● Exercise objective
Beginning at the line that contains "Lucky Is To", reproduce every line to the end of the material without changing any of them.

=======

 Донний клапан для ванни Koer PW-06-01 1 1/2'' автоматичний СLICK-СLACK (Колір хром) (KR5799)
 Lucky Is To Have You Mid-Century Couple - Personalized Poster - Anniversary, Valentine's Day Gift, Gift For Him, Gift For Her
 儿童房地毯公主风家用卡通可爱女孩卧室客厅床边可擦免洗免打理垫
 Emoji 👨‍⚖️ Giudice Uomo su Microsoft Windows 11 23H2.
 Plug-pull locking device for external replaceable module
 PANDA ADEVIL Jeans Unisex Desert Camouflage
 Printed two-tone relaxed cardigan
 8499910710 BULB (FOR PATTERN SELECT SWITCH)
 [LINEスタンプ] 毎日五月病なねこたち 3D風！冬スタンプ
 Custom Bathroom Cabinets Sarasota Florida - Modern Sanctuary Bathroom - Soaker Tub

=======

● Written response
 Lucky Is To Have You Mid-Century Couple - Personalized Poster - Anniversary, Valentine's Day Gift, Gift For Him, Gift For Her
 儿童房地毯公主风家用卡通可爱女孩卧室客厅床边可擦免洗免打理垫
 Emoji 👨‍⚖️ Giudice Uomo su Microsoft Windows 11 23H2.
 Plug-pull locking device for external replaceable module
 PANDA ADEVIL Jeans Unisex Desert Camouflage
 Printed two-tone relaxed cardigan
 8499910710 BULB (FOR PATTERN SELECT SWITCH)
 [LINEスタンプ] 毎日五月病なねこたち 3D風！冬スタンプ
 Custom Bathroom Cabinets Sarasota Florida - Modern Sanctuary Bathroom - Soaker Tub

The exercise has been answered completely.